Correlation-based Feature Selection (CFS) per group (CFS Per Group).

This class performs feature selection using the CFS-Per-Group algorithm on given data. The CFS algorithm is, in-a-nutshell, a filter method that selects features based on their correlation with the target variable and their mutual correlation with each other. CFS-Per-Group, on the other hand, is an implementation that is adapted from the original CFS, tailored to understand the Longitudinal temporality.

CFS-Per-Group a Longitudinal Variation of the Standard CFS Method

CFS-Per-Group, also known as Exh-CFS-Gr in the literature, is a longitudinal variation of the standard CFS method. It is designed to handle longitudinal data by considering temporal variations across multiple waves (time points).
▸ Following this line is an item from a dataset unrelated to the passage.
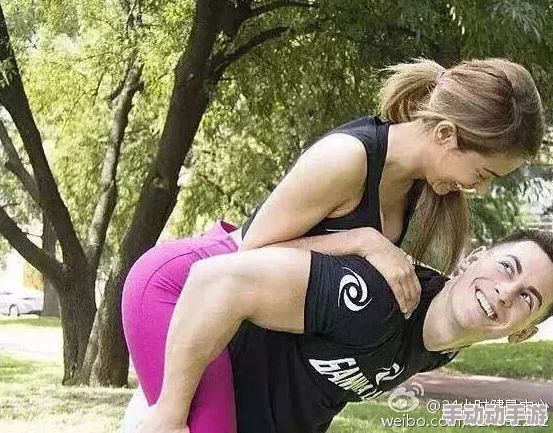 女人扒开屁股让男人捅引发热议网友纷纷评论这背后的故事究竟是什么让人忍不住想要一探究竟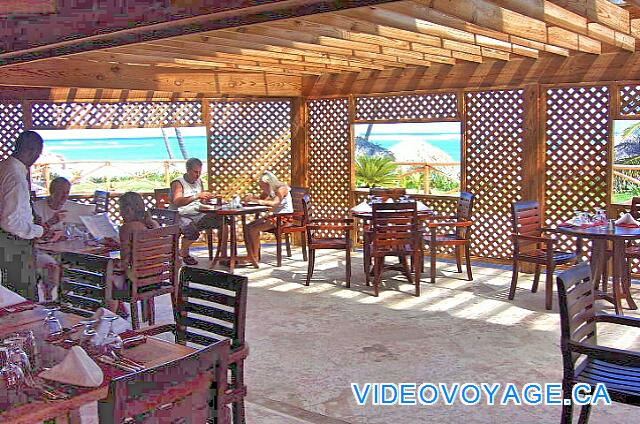 Republique Dominicaine Punta Cana VIK Hotel Arena Blanca Un plan abierto pequeño comedor con vistas a la playa.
The method works in two phases:

  1. Phase 1 (Can work independently from Phase 2): For each longitudinal feature, CFS with exhaustive search (or any other search method available) is applied to a small set of temporal variations across waves to select a subset of relevant and non-redundant features. The selected temporal variations of features are then merged into a single feature set.
  2. Phase 2 (Works with Phase 1): The feature set from Phase 1 is combined with non-longitudinal features (for a less-biased process) and standard CFS is applied to further remove redundant features.

For more scientific references, refer to the Notes section.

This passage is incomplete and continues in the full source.